• Input data:
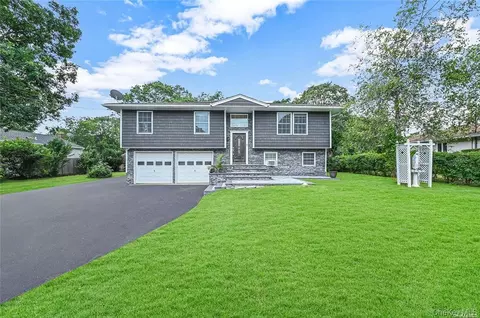 262 N Dunton Ave, Brookhaven, NY 11772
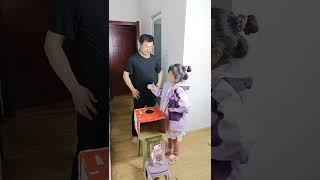 My daughter is too funny. She racks her brains in order to steal her father’s pocket money. The lit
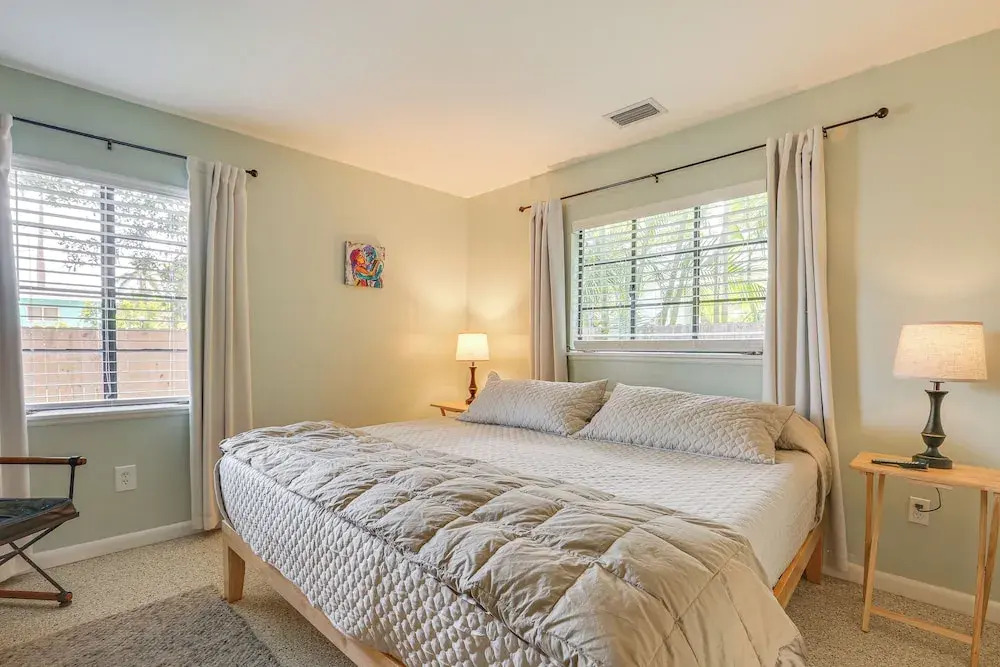 3 Mi to Dtwn Fort Myers: Apt w/ Outdoor Space
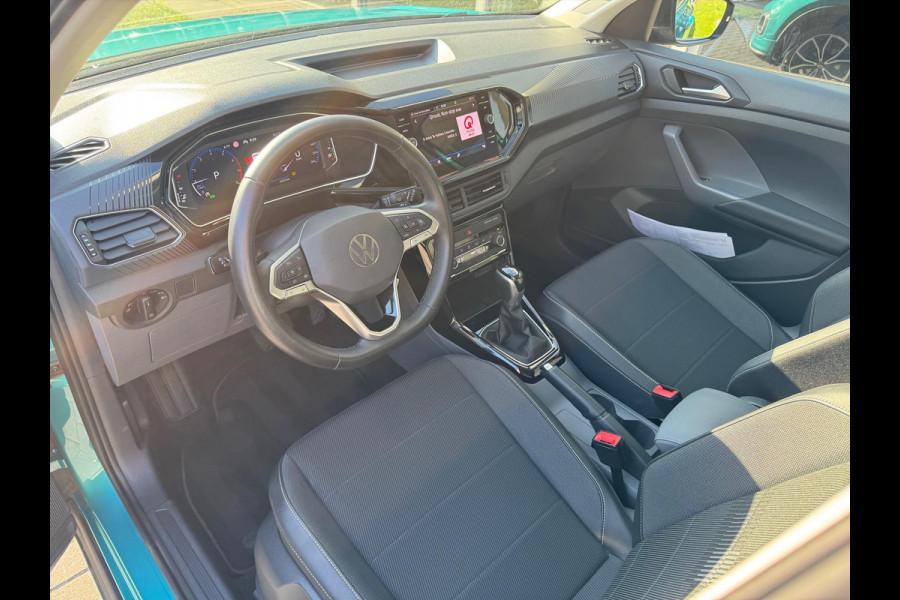 Volkswagen T-Cross 1.0 TSI 7-DSG R-Line | Dodehoekherkenning, Stoelverwarming, 18 inch, Climate control, Adaptive cruise control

• Your task: Set down all of the data word for word; no pictures belong in it.

• Result of this task:
 262 N Dunton Ave, Brookhaven, NY 11772
 My daughter is too funny. She racks her brains in order to steal her father’s pocket money. The lit
 3 Mi to Dtwn Fort Myers: Apt w/ Outdoor Space
 Volkswagen T-Cross 1.0 TSI 7-DSG R-Line | Dodehoekherkenning, Stoelverwarming, 18 inch, Climate control, Adaptive cruise control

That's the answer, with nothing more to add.